Product development is one of CEA Online Team’s core competencies
If we are able to outsource everything which is not a core competency, this raises the obvious question of what our core competencies are.
In particular: I think there’s a temptation to say something like “CEA’s core competency is in understanding EA’s, not writing code, therefore we can outsource the code writing bits.”
Unfortunately, it’s very hard to separate product understanding from product development. Inspired is a book length treatise on this claim, but I will try to give a short overview here.
Product development is generally not a waterfall process where you first develop requirements, then do a design, etc. but instead an iterative process where you bounce between these different stages unpredictably. One part of your requirements ends up being completely infeasible for engineering reasons so you have to go back to the drawing board, but another part is perfectly fine so it can be released quickly, and a third needs repeated iterations on small aspects of the UI to get right. So you can’t have someone who just implements designs – they need to be giving feedback and generally in deep communication with the “strategist”.
And the strategist can’t just simply give the implementer a specification that the implementer can naïvely follow. Even for the simplest changes there’s a bunch of nuance (what do you do on mobile? What if the user is logged out?) and for complex projects it’s essentially impossible to give a fully detailed specification. So the implementer needs to have a deep understanding of your strategy and product to fill in the gaps in the specification.
Could these issues be addressed even with outsourced labor? They sure can: You can have contractors who don’t need complete specifications because they have attended all your meetings, are in your slack channels and asking regular questions, getting regular feedback about how their implementation is lining up to organizational objectives, providing feedback to the product managers through regularly meeting them and attending user interviews, etc.
But this is all the “management overhead” and EA labor you were hoping to avoid by outsourcing!
Many novice managers, both inside and outside of EA, have an intuition like “I want X and have money, this firm says they will give me X in exchange for money, therefore I can give them money and get X.” In some cases this works well, but in many cases it’s actually quite hard to exchange money for services.
CEA is hiring for a number of positions, including UI, UX, or graphic designers, product managers, engineers, in-house legal counsel, and an office manager.
This work is licensed under a Creative Commons Attribution 4.0 International License.
This is a simplified version of the standard definition
This isn’t quite true: for example, you can’t outsource an activity if there are no external firms to whom you can outsource it.
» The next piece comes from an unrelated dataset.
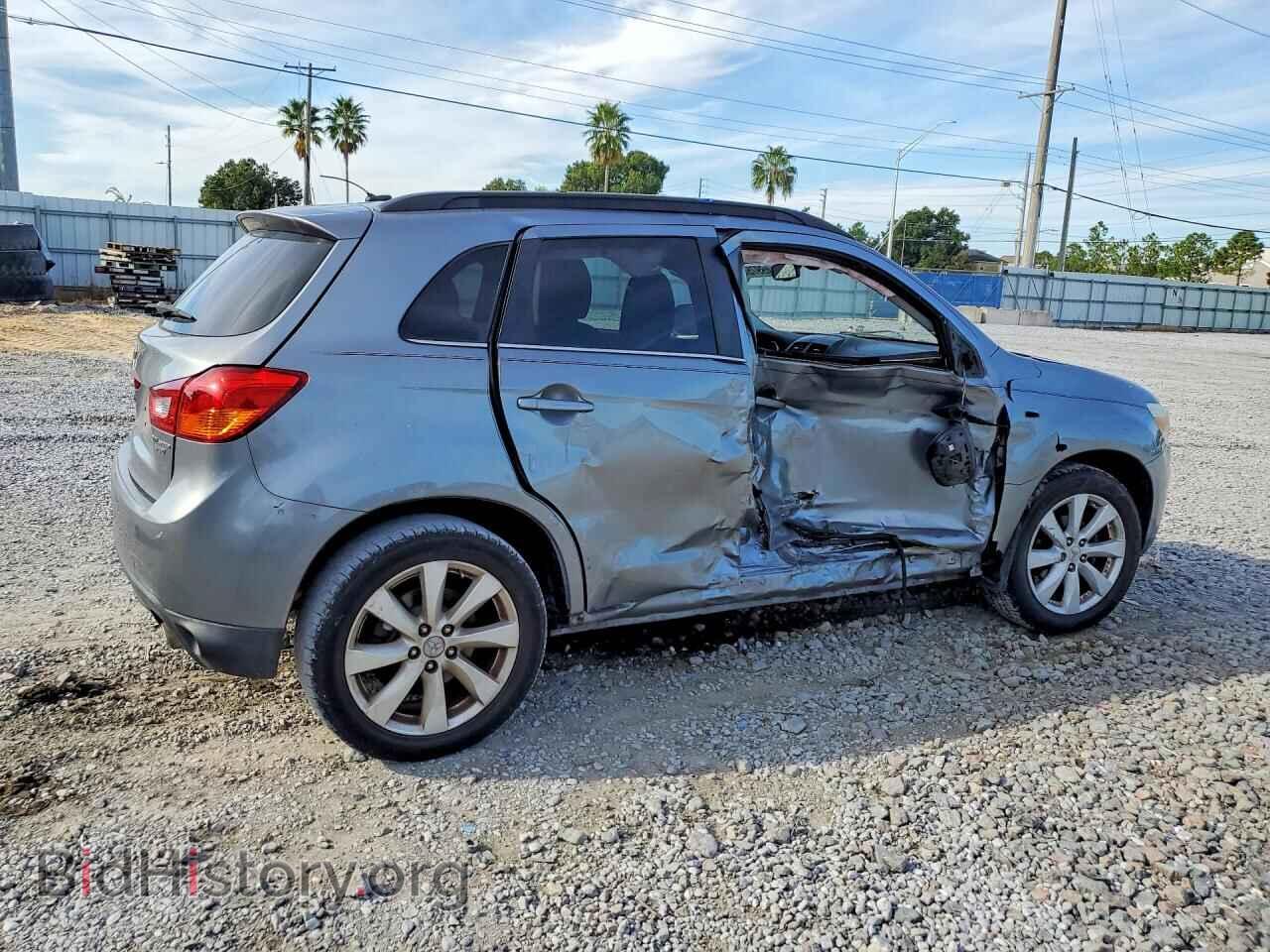 2014 MITSUBISHI OUTLANDER - VIN: 4A4AP4AU4EE026063 - Фото 3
Also I guess technically you could outsource work which is neither a core competency nor operationally important, but you should probably just not be doing that work at all. But this claim captures the most important points
This is such a truism, I sometimes see people using “core competency” to definitionally mean “labor which is not outsourced”. E.g. Red Bull outsources the manufacturing of their drink, and I sometimes hear people assume without further evidence that this means producing a drink is not a core competency of red bull, because if it was then it wouldn’t be outsourced.
Construction in the US is an exception: many construction companies’ labor force primarily consists of independent contractors. However, this is due to labor laws in the US, and in practice construction workers have a relationship to the entity they contract with which is quite similar to how employees relate to their employer.